I’m back with your latest Worth Watching email, a list of some things that I have enjoyed recently and reckon you should be watching too. Apologies for no email these past two weeks, I recently experienced a bereavement so decided to take some time out. It’s good to be back.

Giri/Haji (all episodes on BBC iPlayer) -  In the last two years there has been an explosion of subtitled foreign language shows, after channels realised that subtitles really don't put viewers off. This detective thriller, set in London and Tokyo, really takes this concept and runs with it. 75% of the first episode is in Japanese, but not because the show was made by a Japan broadcaster first and then shown over here. Nope, it’s British. They’ve done it because they want it to feel as authentic as possible and for the most part it works. 

I've yet to watch some of the later episodes, but the Telegraph’s excellent film reviewer Robbie Collin is a fan, tweeting: “Each one cleverly complexifies what you think you’ve already seen.

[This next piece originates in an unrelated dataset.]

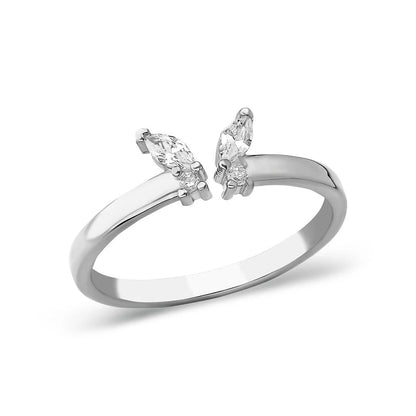 Schmetterling Ring mit Details / 925 SILBER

Starts as a missing person procedural, turns into something else entirely. And episode four itself is a knockout.”

Living with Yourself (Netflix from today) - A comedy starring Paul Rudd, Aisling Bea… and Paul Rudd. It's about a guy who accidentally clones himself without his partner knowing; obviously this sitcom could have become a lazy, lowbrow Freaky Friday, but it twists into something rather original, smart and surprisingly heartfelt. And with Rudd playing two versions of himself for nearly the entirety of the show, you’ll marvel at how much effort it must have taken to have made this work - special effects have come on so much that having two versions of the same person in every single scene barely raises an eyebrow.

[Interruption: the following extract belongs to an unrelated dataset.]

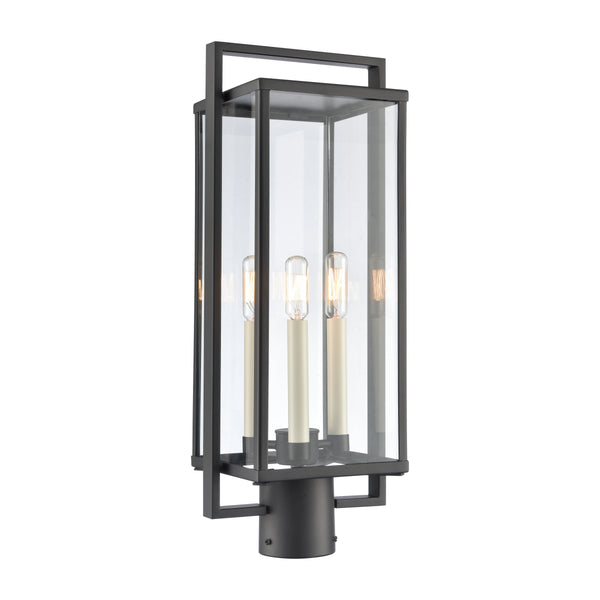 Gladwyn 21.5'' High 3-Light Outdoor Post Light - Matte Black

The Capture (all of it on BBC iPlayer) - Stick with it stick with it stick with it stick with it. This drama about CCTV and criminal justice looks rather two-dimensional for the first 60 minutes, arguably on purpose, but it then spins out into a slick (and fictional) thriller about what the security services might be up to without our knowledge. What I love most is that several scenes in the fourth episode are set in a nightclub at 2am, but instead of recreating a nightclub scene at a great expense, they just got their actors and a steadycam and went right into the crowds who were probably off their tits.

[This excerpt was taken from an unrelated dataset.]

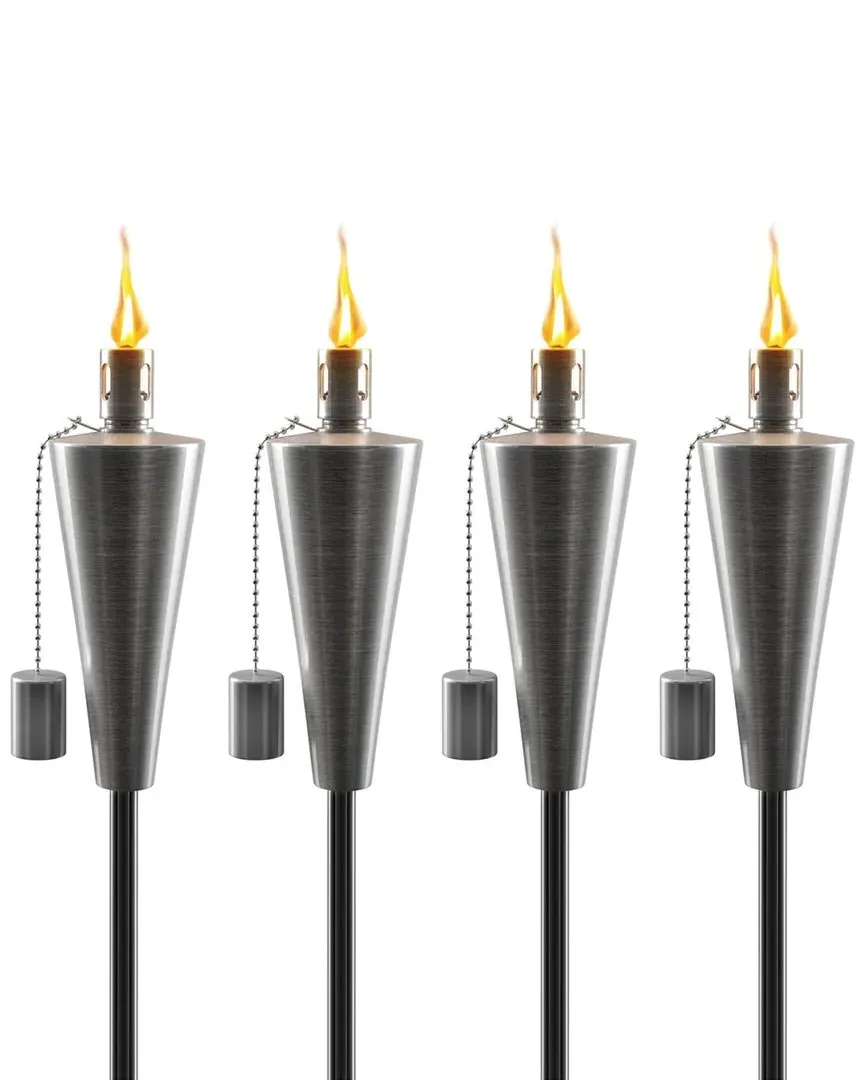 Set of 4 5ft Outdoor Torches - Silver, Metal image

Hayley Campbell and I from the BBC Sounds Must Watch TV review show interviewed Holliday Grainger, Callum Turner and the show’s writer Ben Chanan about The Capturein a special edition of the podcast.Tune in to the regular show every Monday at 2.45pm on 5 Live.

Abstract (available on Netflix) - If you, like me, have gone to the Olafur Eliasson exhibition at the Tate Modern purely so you can stand in the corridor in the orange fog for Instagram, you’ll love the documentary on his art in this nifty Netflix series. It not only explains what he's trying to do with his artwork (somehow the exhibition doesn’t do that well), he also turns the television episode into an exhibition. I don’t want to tell you how. Just turn all the lights off in the room before watching.

Stick around for the other episodes too, each a portrait on someone excelling within a creative field. Some episodes are so pretentious though, you’ll scream.

Around the World in 80 Days (BBC iPlayer) - To celebrate the 30th anniversary of the iconic Michael Palin travelogue, you can watch every episode of the original series on BBC iPlayer. Marvel not only at the sights and sounds from around the world, but the rather extravagant hotel expenses budget. A perfect show for rainy days. 

RuPaul’s Drag Race UK (BBC iPlayer) - A casual reminder that this show was originally created for the LGBTQIA+ community; the straights are more than welcome to join in, so long as you don’t mock. The UK version works because it has just the right amount of dry self-deprecation and snark - next week is Snatch Game, the week where the Queens do impersonations of well known celebrities. The US version tends to go down the route of celebs you’ve never heard of, so I am HERE for inevitable British Come Dine With Me parodies.

Love in the Countryside (BBC iPlayer) -The first dating show in ages that has caused a bit of a flutter in my heart. Also here for this Sara Cox line: “Have you worn a poo-splattered coat just for me?”

Ian Hislop’s Fake News (BBC iPlayer) - This is a nifty, if at times a little breezy, documentary looking at how the history of fake news dates right back to the early days of newspapers, rather than being a new phenomenon. He also makes this good observation about Trump: “When Trump talks about fake news, which he has done constantly, what he means is real news that he doesn’t like.”

That’s all for now. Thanks for reading and see you soon. I am so tired at the moment because of The Circle being on at 10pm each weeknight, I can’t wait to sleep.